-Homowater-

“Ga maar bij de marine Chris. Dat is goed voor je ontwikkeling”.
Ik hoor het mijn moeder nog zo zeggen.

Het was 1997.
Ik was 18 jaar oud.
Een paar maanden daarvoor was mijn eerste dag bij de Koninklijke Marine een feitelijkheid geworden.
Mijn opleiding tot Odops zat er inmiddels op en ik werd naar mijn eerste bootje gestuurd.
Ik stond aan de voet van de wereld welke van mij een ‘man’ zou gaan maken.
Met ongepaste ijver en gepaste onzekerheid zocht ik op deze plek naar mijn positie binnen een onmiskenbare mannenwereld.
Een enorm wiegend metalen gevaarte welke voor de maanden erop mijn ‘thuis’ zou zijn.

10:00:
Tijd voor een kop thee wat in de maritieme volksmond ook wel als ‘homowater’ werd aangeduid.
Ik kwam in het manschappen verblijf, welke tot mijn verbazing overvol was, en vernam dat er schijnbaar iets van gedeelde interesse op de televisie te zien was.
Ik voorzag mijzelf van een wit stenen mok Earl Grey, deed er wat suiker in en ging tussen mijn medematrozen zitten, om te zien waar deze onverdeelde aandacht zo op toegespitst was.

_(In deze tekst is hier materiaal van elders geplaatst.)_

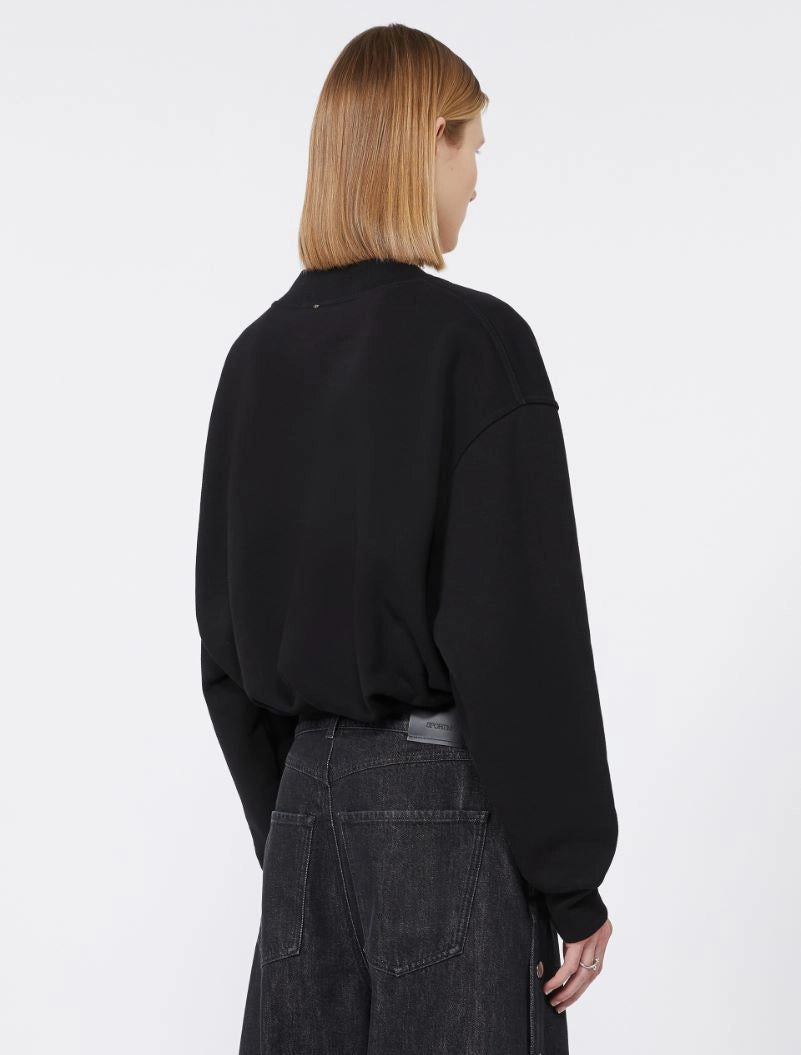 SPORTMAX FELPA COLLEG NERO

Terwijl ik al roerend naar het scherm keek, hoorde ik mijzelf denken:
“Waarom zitten al die mensen toch onder de modder?”

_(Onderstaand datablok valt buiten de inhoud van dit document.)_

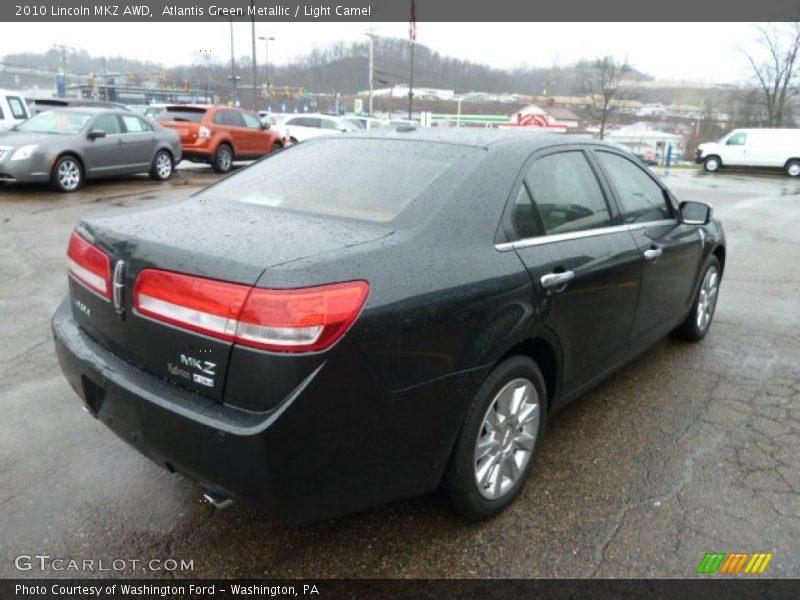 Atlantis Green Metallic / Light Camel 2010 Lincoln MKZ AWD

Ik nam een slok van mijn, te zoete, homowater, nam het beeld nog eens goed in mij op en zag toen hoe twee grote handen het zitvlak van een ander opentrokken en er een buitenproportionele hoeveelheid stront in de mond en op het gezicht van een 3e persoon neerkwam.

Ik keek nog eens naar mijn thee en kwam tot de conclusie dat het niet te zuipen was.

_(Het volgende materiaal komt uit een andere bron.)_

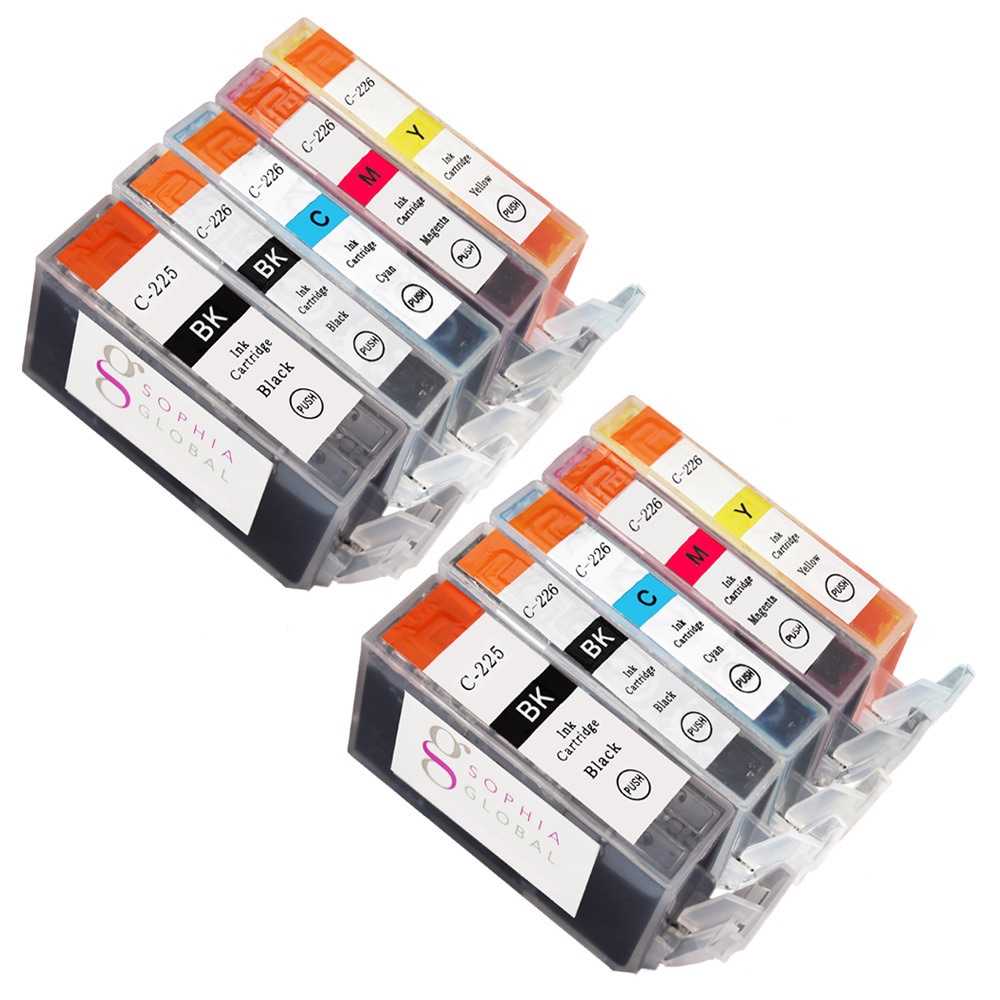 Sophia Global Compatible Ink Cartridge Replacement For Canon Pgi 225 Cli 226 (remanufactured) (pack Of 10)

“Ga maar bij de marine Chris. Dat is goed voor je ontwikkeling”.
Ik hoor het mijn moeder nog zo zeggen.

-I Did It My Way-

 

“Maar eh, dan heb je er ook wel een spuitje inzitten of niet?”

De standaard opmerking binnen de eerste minuut, nadat het semi geïnteresseerde gesprek over mijn fysiek weer begonnen is.

Ik zal je wat uitleggen:
Ik beoefen deze sport nu ruim 20 jaar.
Daarvoor was ik 14 jaar wedstrijdzwemmer.
Deed jaren aan Kickboxen en Crossfit, maar deed het altijd naast en ter ondersteuning van fitness.
Train 6x per week in 3 verschillende sportscholen.
Zit 1x per week 2 uur in de auto voor een training van een uur.
Er zitten jaren tussen waarbij ik 4 uur per dag trainde (zwemmen, krachttraining en cardio).
6 dagen in de week eet ik 6x per dag dezelfde maaltijden.
Ik klaag niet als mensen lasagne, pannenkoeken of een vette hap zitten eten, terwijl ik ernaast zit.
Als het nodig is kook ik het zelfs met liefde voor je, om daarna m’n tupperware tevoorschijn te toveren.
Ik heb gescholden, gevloekt, gehuild en gekotst terwijl ik door mentale en fysieke blokkades ging.
Ik zag mijn fysiotherapeut, manueeltherapeut en thaise masochistische masseuse meer dan mijn eigen vrienden.
Ik heb de meest denkbare blessures wel gehad, doordat ik mijn ego boven mijn techniek plaatste.
Ik heb geleerd om tegenslagen als springplank te gebruiken en door te gaan, terwijl alles in mijn lichaam schreeuwde om te stoppen.
Ik heb geleerd om te gaan met de vooroordelen die ik dagelijks direct en indirect om de oren krijg (in dit grote lichaam zit ook maar een mens).
Doordat ik psychologie en NLP (Neuro Linguïstisch Programmeren) heb gestudeerd, ben ik in staat geweest om mijn emoties en gedachten zo te structureren en programmeren dat ik een ijzersterke mentale fundering heb gecreëerd om door de zwaarste fysieke opgaves heen te gaan.
Om anderen te helpen heb ik een boek geschreven welke uitleg geeft hoe om te gaan met mentale blokkades tijdens een dieet.

En hier sta ik dan.

Na jaren van aanpassen, afzien en finetuning heb ik alle gekozen en niet gekozen tegenslagen doorstaan.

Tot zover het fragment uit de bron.